(Stored items)

★ ★ ★ ★ ★ ★ ★

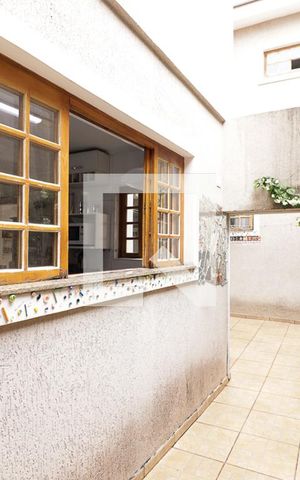 Casa à venda com 122m², 4 quartos e 2 vagasÁrea Externa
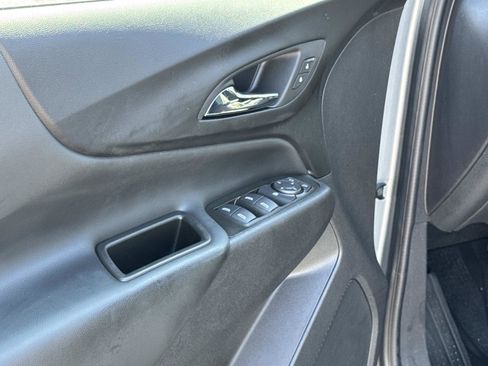 Used 2024 Chevrolet Equinox LT w/ LPO, Floor Liner Package AWD/4WD image 20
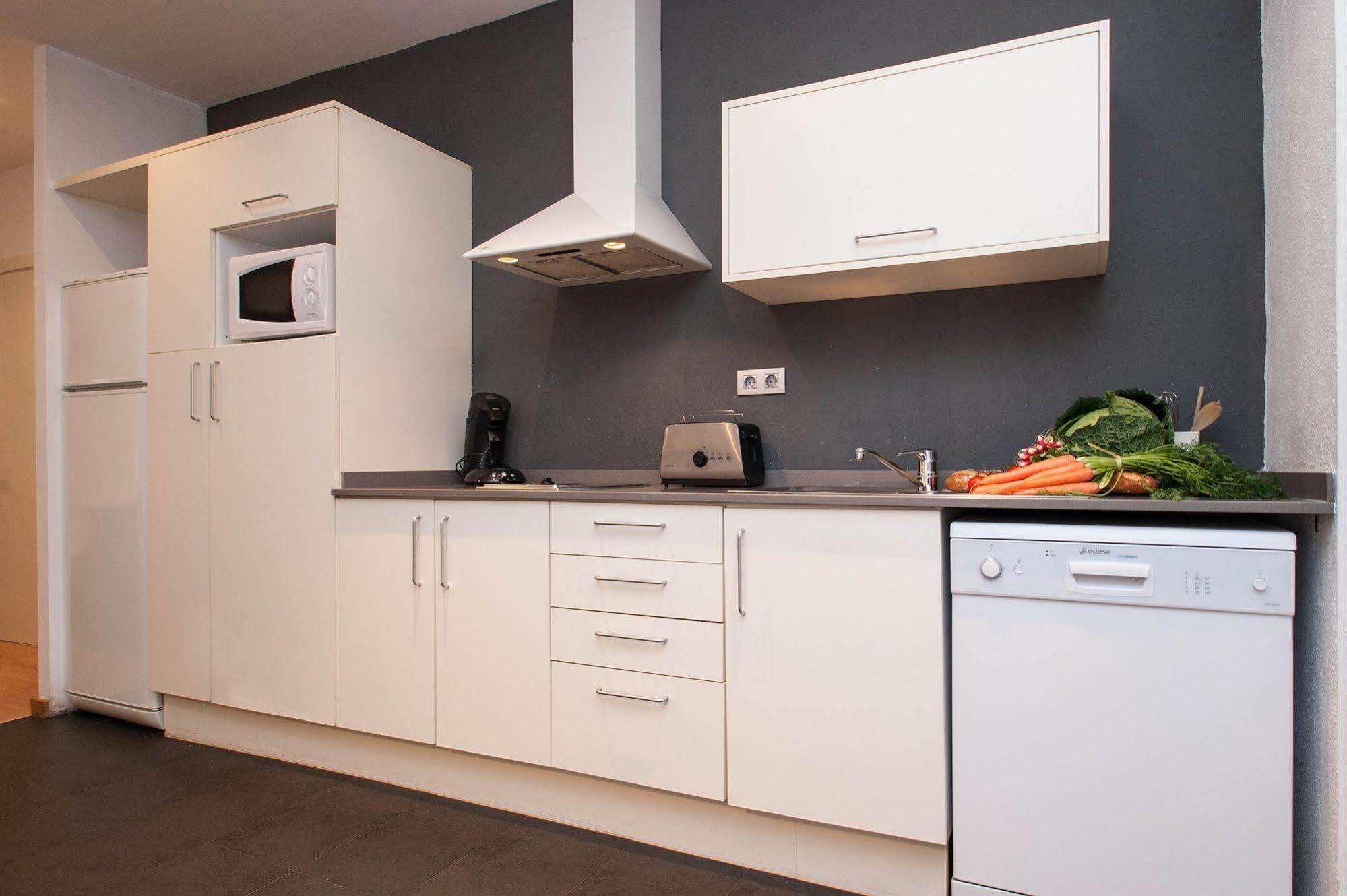 Short Stay Group Liceu Serviced Apartments Барселона Экстерьер фото
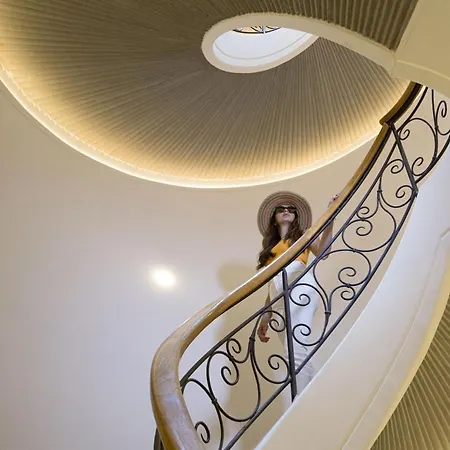 - Ebe Σορέντο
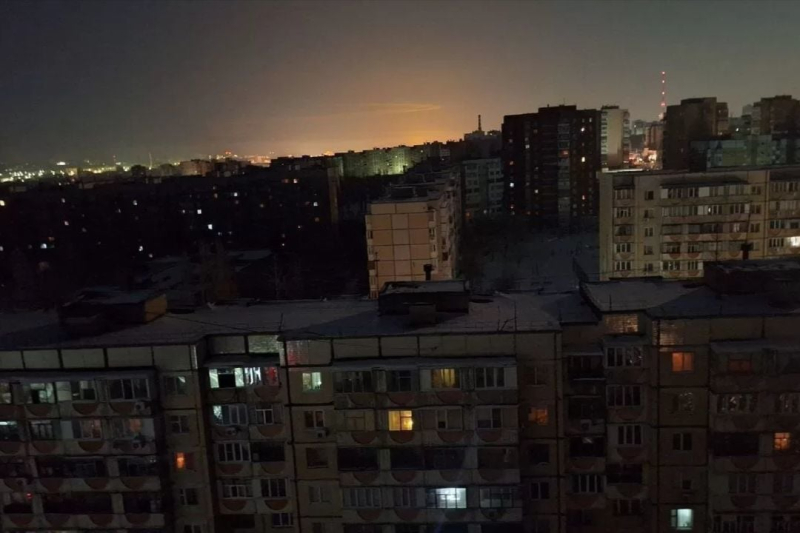 Сначала вынесли ПВО, потом прилетело по подстанции: в РФ рассказали, как был "выключен" Белгород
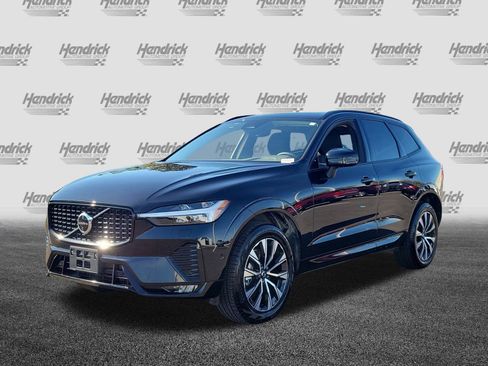 Certified 2025 Volvo XC60 B5 Plus image 5
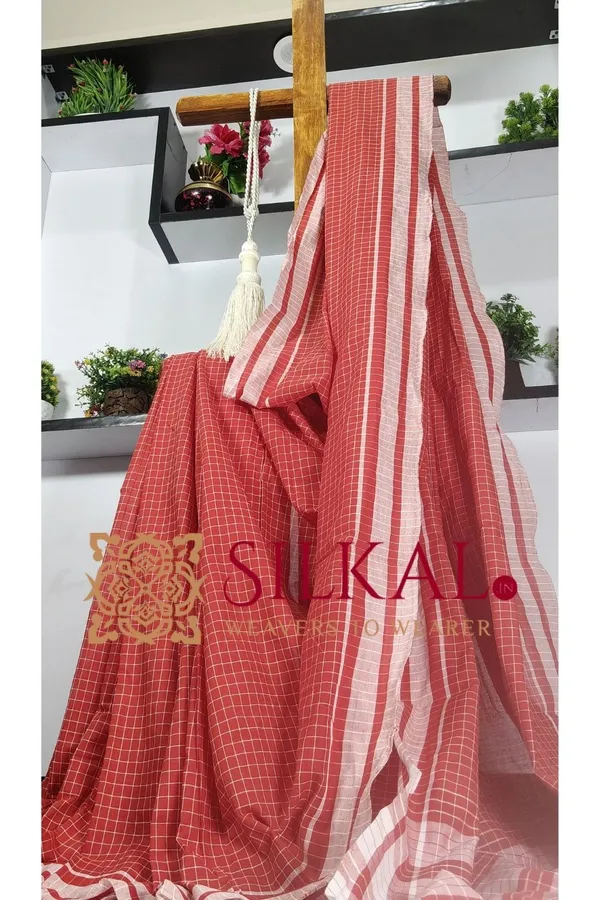 Patteda_Anchu_Checks_With_Plain_Border_Saree_SKL03326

★ ★ ★ ★ ★ ★ ★

▸ **Task**: Transcribe the entries above exactly, from their first line through the line with "Сначала вынесли ПВО, потом", and omit all pictures.

▸ **Result of this exercise**:
 Casa à venda com 122m², 4 quartos e 2 vagasÁrea Externa
 Used 2024 Chevrolet Equinox LT w/ LPO, Floor Liner Package AWD/4WD image 20
 Short Stay Group Liceu Serviced Apartments Барселона Экстерьер фото
 - Ebe Σορέντο
 Сначала вынесли ПВО, потом прилетело по подстанции: в РФ рассказали, как был "выключен" Белгород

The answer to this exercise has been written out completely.